La liberté de conscience en islam ? Elle existe de fait, elle n’a jamais reçu la moindre légitimité de droit. Les philosophes critiques, apôtres d’une spiritualité libre, ont été et sont toujours les grands battus de l’histoire de l’islam – ignorés ou dénoncés comme apostats par les dignitaires, et désignés comme tels à la vindicte de la masse.

La première responsabilité est là, du côté de la conscience islamique, de ce rendez-vous qu’elle a avec la liberté de croire ou de ne pas croire, de pratiquer ou de ne pas pratiquer, d’être " le musulman ou la musulmane qu’on veut être " au lieu de subir la contrainte explicite ou diffuse, consciente ou inconsciente, de stéréotypes dont le juriste tunisien Yadh Ben Achour a raison de considérer comme la conséquence du totalitarisme émanant d’une " orthodoxie de masse ".

Deuxième responsabilité, il s’agit pour l’islam de France de se doter d’une représentation décléricalisée, qui ne soit plus la chef du " culte musulman ", la gardienne du traditionalisme.

Les musulmans de France ne sont pas un troupeau de fidèles qui auraient besoin d’être gardés par des bergers – et puisqu’il faut former des imams, troisième responsabilité, il faudra commencer par leur apprendre qu’ici, en démocratie, personne n’est légitimé à jouer le rôle d’un maître de religion ou d’un directeur de conscience.
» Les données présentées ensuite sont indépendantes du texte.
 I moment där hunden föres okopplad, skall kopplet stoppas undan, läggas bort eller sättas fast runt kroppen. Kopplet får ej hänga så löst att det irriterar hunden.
Les musulmans de France sont infiniment divers et il leur faut une représentation infiniment diverse, dans laquelle les théologiens, recteurs, imams, autrement dit tous les religieux de métier, ne seront qu’une composante. Est-ce, en France, à l’Etat d’instituer une telle instance ?

Non, c’est aux musulmans d’avoir enfin la maturité collective de faire sortir de leurs rangs des femmes et des hommes qui incarnent, dans tout leur être et dans tout leur parcours, l’alliance réussie, heureuse, devenue naturelle entre leurs cultures française et islamique.
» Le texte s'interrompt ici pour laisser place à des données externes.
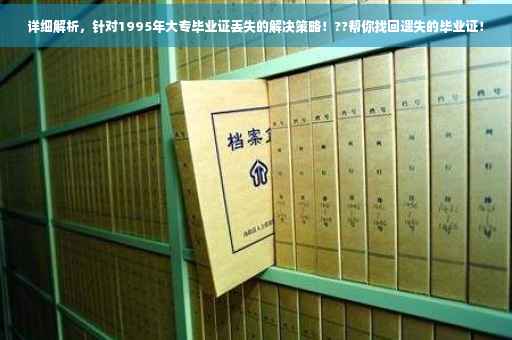 详细解析，针对1995年大专毕业证丢失的解决策略！??帮你找回遗失的毕业证！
J’appelle les musulmans à prendre enfin cette responsabilité, au lieu d’attendre encore et toujours de l’Etat qu’il nomme et désigne. Car cet Etat a, sur le sujet, d’autres responsabilités qui sont proprement les siennes.

Elles sont nombreuses, mais faciles à lister. Assurer les plus urgentes : la fermeture des mosquées salafistes, la sécurité de la population face à la menace djihadiste.
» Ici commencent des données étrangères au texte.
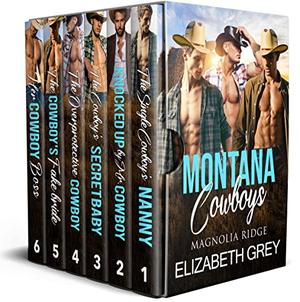 The Montana Cowboys: 6 Stand Alone Cowboy Romances by Elizabeth Grey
Veiller à ce que ne se multiplient pas les écoles confessionnelles islamiques, où les enfants seraient endoctrinés par l’idéologie salafiste.

Agir de façon assez volontariste pour remédier – enfin – à la formation, sur notre territoire, de ghettos gangrenés par un " milieu " de type nouveau où se mélangent marchés parallèles (notamment la drogue), gangstérisme et salafisme, sur fond de déshérence généralisée.

Non pas interdire la visibilité publique du religieux, mais rester ferme sur la laïcité là où l’affirmation de la croyance voudrait faire triompher une " loi de Dieu " sur les principes et valeurs de notre contrat social et des droits de l’homme.

Reconnecter la promesse républicaine – liberté, égalité, fraternité – avec la réalité d’une véritable égalité des chances, d’un vrai recul des discriminations et avec une vraie pédagogie à l’école, afin que le fait de vivre en France soit à nouveau perçu comme une chance par ceux qui, parmi les musulmans, sont tentés par le ressentiment à l’égard d’un pays où ils ne sentent pas qu’on leur fait une vraie place.

Et nous tous, comme l’a dit Manuel Valls, nous avons la responsabilité de retrouver un " idéal " ou une " transcendance ", un projet de société où soit prise en compte la dimension spirituelle de la vie humaine – son besoin de sens et d’élévation – de façon ouverte et libre. De telle sorte que, la nature ayant horreur du vide, notre espace public ne soit plus livré au retour du pire du religieux : le " prêt-à-penser " et le " prêt-à-porter "."